The teacher went over and said the answer is -13, but I am not sure how she got that.
Can you please explain.
Thank you!
I did the first part
(2x-7)(x-3)
2x^2-6x-7x+21
2x^2-13x+21
here x=-13 but how do you find out the value of b?
Your teacher wanted you to match up the corresponding terms.
compare
ax^2 + bx + c with
2x^2 - 13x + 21 , and it says they are equal
so 2 matches with a, -13 matches with b, and
21 matches with c
If two polynomials are identical, all the coefficients must match. So,
a = 2
b = -13
c = 21
Thank you.
I was getting thrown off since the bx is +bx and since x=-13 I wasn't sure if you would change the sign to +13 since the bx was positive.

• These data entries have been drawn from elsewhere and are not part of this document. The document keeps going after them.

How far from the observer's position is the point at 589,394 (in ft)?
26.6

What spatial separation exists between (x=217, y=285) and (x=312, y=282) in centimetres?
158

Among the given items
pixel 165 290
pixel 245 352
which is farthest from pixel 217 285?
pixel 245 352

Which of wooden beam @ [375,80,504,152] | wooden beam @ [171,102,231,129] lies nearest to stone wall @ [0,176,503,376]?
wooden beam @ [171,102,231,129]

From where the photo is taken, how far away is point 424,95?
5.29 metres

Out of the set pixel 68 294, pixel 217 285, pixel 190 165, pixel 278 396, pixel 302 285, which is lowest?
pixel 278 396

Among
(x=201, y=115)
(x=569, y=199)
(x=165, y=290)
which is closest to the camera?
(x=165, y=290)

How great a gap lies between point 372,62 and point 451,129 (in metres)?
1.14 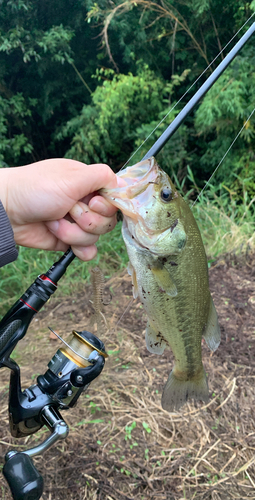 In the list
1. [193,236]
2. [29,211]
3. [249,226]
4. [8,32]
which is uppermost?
[8,32]

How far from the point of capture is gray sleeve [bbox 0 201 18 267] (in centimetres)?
123

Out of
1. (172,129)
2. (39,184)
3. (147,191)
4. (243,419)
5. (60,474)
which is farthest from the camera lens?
(243,419)

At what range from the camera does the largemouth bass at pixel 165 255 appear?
1236mm

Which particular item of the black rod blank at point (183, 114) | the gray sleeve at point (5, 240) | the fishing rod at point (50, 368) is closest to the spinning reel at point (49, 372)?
the fishing rod at point (50, 368)

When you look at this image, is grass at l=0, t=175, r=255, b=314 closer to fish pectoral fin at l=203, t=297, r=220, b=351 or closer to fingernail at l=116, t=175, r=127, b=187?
fish pectoral fin at l=203, t=297, r=220, b=351

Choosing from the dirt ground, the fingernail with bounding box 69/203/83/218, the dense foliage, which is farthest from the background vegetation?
the fingernail with bounding box 69/203/83/218

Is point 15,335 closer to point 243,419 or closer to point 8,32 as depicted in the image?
point 243,419

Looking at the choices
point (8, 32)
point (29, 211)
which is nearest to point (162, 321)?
point (29, 211)

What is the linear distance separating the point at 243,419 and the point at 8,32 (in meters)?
5.79

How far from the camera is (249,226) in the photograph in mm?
3986

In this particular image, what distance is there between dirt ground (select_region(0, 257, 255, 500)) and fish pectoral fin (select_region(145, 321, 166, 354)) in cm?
23

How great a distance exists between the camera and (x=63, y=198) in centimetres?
135

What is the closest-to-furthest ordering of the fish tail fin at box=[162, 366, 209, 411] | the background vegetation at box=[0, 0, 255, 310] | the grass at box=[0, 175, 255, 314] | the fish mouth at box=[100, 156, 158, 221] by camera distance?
the fish mouth at box=[100, 156, 158, 221], the fish tail fin at box=[162, 366, 209, 411], the grass at box=[0, 175, 255, 314], the background vegetation at box=[0, 0, 255, 310]

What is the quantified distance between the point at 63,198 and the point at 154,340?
668mm
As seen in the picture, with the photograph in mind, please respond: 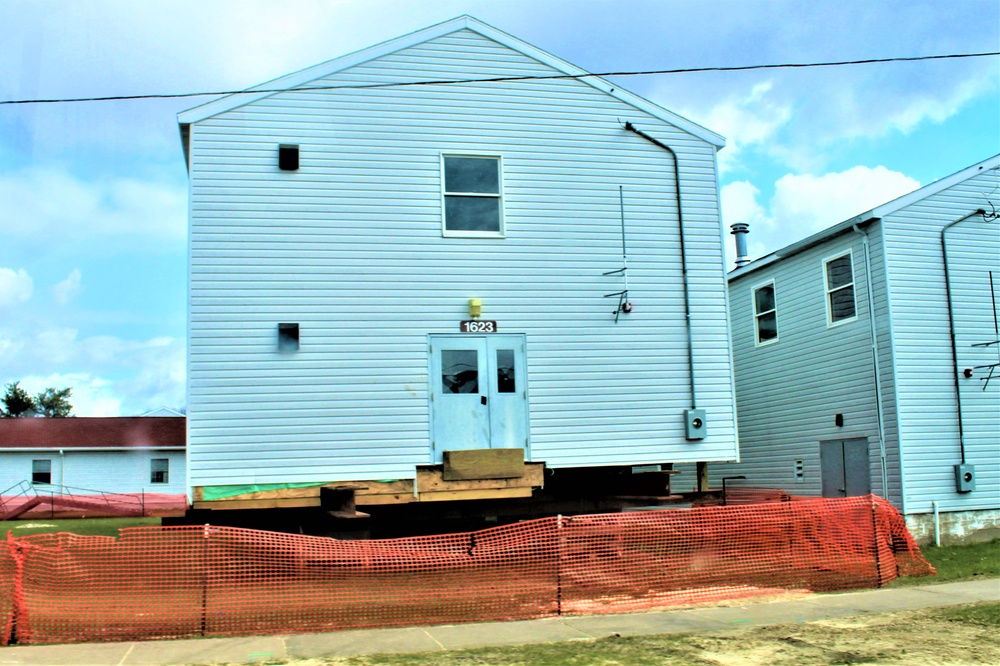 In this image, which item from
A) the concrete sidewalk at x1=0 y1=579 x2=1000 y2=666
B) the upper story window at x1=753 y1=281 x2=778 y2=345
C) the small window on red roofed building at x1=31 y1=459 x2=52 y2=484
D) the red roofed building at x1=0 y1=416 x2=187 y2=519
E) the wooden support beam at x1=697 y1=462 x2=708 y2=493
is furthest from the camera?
the small window on red roofed building at x1=31 y1=459 x2=52 y2=484

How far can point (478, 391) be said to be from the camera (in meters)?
13.8

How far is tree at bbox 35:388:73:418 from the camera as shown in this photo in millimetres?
81312

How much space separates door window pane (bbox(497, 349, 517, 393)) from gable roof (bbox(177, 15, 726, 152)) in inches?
184

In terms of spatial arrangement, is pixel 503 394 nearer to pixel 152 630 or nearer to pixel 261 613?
pixel 261 613

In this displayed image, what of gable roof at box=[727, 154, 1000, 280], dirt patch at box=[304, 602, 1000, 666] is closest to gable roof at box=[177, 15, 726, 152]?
gable roof at box=[727, 154, 1000, 280]

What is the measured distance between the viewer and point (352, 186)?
13797 millimetres

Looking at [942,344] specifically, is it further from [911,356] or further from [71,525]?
[71,525]

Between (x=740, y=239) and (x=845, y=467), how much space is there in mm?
9010

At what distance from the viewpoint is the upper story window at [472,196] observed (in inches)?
558

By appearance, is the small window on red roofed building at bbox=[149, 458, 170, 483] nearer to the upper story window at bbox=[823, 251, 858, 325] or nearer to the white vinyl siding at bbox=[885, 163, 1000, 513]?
the upper story window at bbox=[823, 251, 858, 325]

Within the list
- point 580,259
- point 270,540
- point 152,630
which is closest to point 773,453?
point 580,259

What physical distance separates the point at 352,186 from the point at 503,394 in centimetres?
383

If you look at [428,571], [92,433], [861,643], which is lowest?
[861,643]

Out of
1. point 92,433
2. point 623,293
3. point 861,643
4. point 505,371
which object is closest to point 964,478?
point 623,293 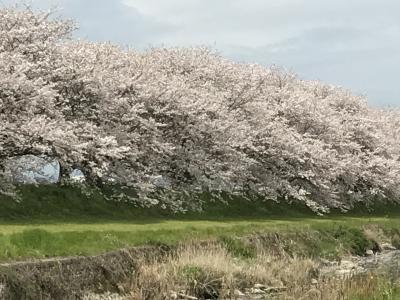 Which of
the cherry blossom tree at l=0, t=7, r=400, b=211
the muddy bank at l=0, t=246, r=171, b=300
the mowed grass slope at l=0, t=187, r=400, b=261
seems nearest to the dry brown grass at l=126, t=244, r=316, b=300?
the muddy bank at l=0, t=246, r=171, b=300

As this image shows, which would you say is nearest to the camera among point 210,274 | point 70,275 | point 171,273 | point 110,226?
point 70,275

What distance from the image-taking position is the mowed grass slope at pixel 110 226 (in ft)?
77.7

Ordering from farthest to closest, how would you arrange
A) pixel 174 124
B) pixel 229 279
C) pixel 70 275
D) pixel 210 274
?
pixel 174 124
pixel 229 279
pixel 210 274
pixel 70 275

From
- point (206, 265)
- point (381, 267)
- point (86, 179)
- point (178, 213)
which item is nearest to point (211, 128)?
point (178, 213)

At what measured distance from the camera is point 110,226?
3075 cm

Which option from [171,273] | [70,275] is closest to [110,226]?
[171,273]

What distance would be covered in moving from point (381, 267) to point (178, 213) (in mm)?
13284

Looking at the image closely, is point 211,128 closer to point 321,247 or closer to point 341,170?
point 321,247

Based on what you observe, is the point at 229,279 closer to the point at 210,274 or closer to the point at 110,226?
the point at 210,274

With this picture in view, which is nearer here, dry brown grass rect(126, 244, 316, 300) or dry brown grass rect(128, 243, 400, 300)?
dry brown grass rect(128, 243, 400, 300)

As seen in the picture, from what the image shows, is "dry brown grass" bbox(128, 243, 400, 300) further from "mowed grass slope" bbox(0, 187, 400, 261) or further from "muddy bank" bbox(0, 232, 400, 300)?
"mowed grass slope" bbox(0, 187, 400, 261)

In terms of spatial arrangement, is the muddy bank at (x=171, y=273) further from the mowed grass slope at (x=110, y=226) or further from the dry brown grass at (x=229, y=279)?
the mowed grass slope at (x=110, y=226)

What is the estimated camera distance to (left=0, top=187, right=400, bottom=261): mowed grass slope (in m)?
23.7

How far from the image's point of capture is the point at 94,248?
963 inches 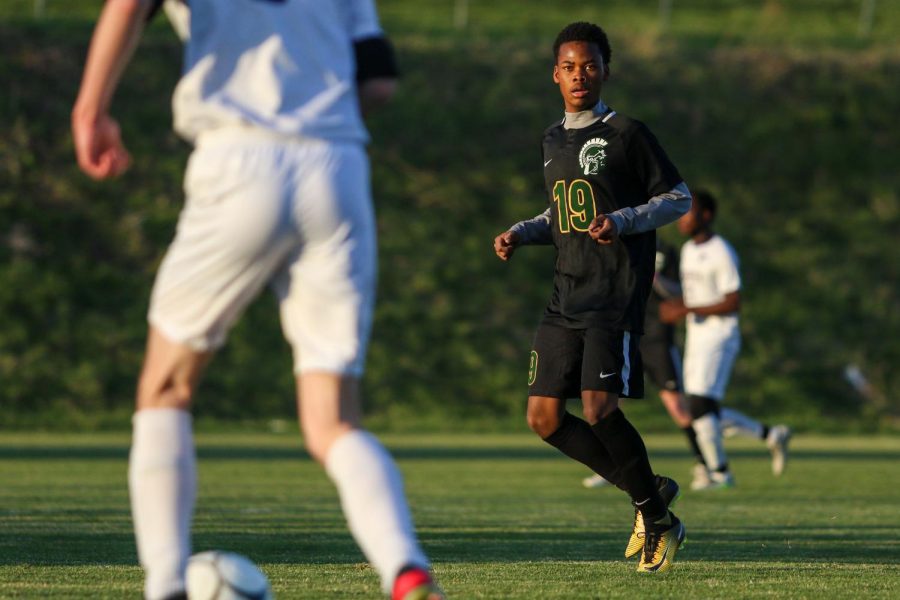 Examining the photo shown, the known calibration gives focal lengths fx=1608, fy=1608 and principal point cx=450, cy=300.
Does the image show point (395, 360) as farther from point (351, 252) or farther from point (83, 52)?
point (351, 252)

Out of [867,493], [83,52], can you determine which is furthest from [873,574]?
[83,52]

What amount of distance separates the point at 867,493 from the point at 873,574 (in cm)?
569

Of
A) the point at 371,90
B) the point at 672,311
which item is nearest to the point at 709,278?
the point at 672,311

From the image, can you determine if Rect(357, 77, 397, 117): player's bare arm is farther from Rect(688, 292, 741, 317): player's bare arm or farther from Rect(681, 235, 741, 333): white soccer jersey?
Rect(688, 292, 741, 317): player's bare arm

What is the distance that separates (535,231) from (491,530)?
5.79 feet

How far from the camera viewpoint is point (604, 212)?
22.9ft

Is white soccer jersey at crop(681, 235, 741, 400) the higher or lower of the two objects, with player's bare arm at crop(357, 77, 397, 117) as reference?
lower

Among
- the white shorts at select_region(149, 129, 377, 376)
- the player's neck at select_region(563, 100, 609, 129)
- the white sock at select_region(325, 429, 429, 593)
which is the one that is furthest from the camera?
the player's neck at select_region(563, 100, 609, 129)

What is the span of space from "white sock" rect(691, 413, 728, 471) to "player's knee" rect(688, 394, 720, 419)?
34 millimetres

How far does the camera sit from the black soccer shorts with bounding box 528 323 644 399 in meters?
6.73

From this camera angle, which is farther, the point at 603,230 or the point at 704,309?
the point at 704,309

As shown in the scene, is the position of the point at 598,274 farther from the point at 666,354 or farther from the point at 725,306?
the point at 666,354

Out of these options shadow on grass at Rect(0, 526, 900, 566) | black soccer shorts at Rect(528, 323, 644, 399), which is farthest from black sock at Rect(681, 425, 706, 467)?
black soccer shorts at Rect(528, 323, 644, 399)

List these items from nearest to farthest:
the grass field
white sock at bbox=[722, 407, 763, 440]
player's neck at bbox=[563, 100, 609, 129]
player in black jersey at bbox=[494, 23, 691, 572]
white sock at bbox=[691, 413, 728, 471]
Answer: the grass field → player in black jersey at bbox=[494, 23, 691, 572] → player's neck at bbox=[563, 100, 609, 129] → white sock at bbox=[691, 413, 728, 471] → white sock at bbox=[722, 407, 763, 440] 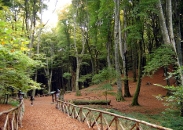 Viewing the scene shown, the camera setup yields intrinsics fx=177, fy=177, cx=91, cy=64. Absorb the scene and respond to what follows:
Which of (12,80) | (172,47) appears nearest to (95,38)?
(172,47)

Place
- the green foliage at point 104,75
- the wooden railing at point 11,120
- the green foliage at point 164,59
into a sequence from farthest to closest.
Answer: the green foliage at point 104,75
the green foliage at point 164,59
the wooden railing at point 11,120

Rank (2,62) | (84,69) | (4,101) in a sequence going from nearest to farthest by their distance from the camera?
(2,62) < (4,101) < (84,69)

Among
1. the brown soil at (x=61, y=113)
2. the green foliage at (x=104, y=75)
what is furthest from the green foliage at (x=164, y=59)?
the green foliage at (x=104, y=75)

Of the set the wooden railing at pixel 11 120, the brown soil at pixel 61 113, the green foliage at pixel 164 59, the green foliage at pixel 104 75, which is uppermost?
the green foliage at pixel 164 59

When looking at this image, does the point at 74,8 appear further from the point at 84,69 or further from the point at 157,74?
the point at 84,69

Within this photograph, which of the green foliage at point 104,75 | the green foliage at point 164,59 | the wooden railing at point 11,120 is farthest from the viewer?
the green foliage at point 104,75

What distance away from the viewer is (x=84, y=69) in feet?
138

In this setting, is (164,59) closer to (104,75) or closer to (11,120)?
(104,75)

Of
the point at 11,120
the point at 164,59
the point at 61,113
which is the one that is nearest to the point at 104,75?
the point at 61,113

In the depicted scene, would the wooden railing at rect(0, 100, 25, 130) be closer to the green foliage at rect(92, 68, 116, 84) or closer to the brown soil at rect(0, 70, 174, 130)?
the brown soil at rect(0, 70, 174, 130)

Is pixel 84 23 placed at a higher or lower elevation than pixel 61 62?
higher

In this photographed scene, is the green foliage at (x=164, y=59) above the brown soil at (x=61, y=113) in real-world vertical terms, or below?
above

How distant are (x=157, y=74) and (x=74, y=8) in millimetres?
16273

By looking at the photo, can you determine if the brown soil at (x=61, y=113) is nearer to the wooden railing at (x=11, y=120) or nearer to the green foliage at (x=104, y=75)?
the wooden railing at (x=11, y=120)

To find the value of b, we need to compare the given quadratic equation ax^2 + bx + c with the factored form (2x - 7)(x - 3).
In the factored form, we have two binomials multiplied together: (2x - 7) and (x - 3). To expand this, we multiply each term in the first binomial by each term in the second binomial:
(2x)(x) + (2x)(-3) + (-7)(x) + (-7)(-3)
This simplifies to:
2x^2 - 6x - 7x + 21
Combining like terms:
2x^2 - 13x + 21
Comparing this to the given equation ax^2 + bx + c, we can see that a = 2, b = -13, and c = 21. Therefore, the value of b is indeed -13, as your teacher stated.
So, the value of b in the given equation ax^2 + bx + c = (2x - 7)(x - 3) for all values of x is -13.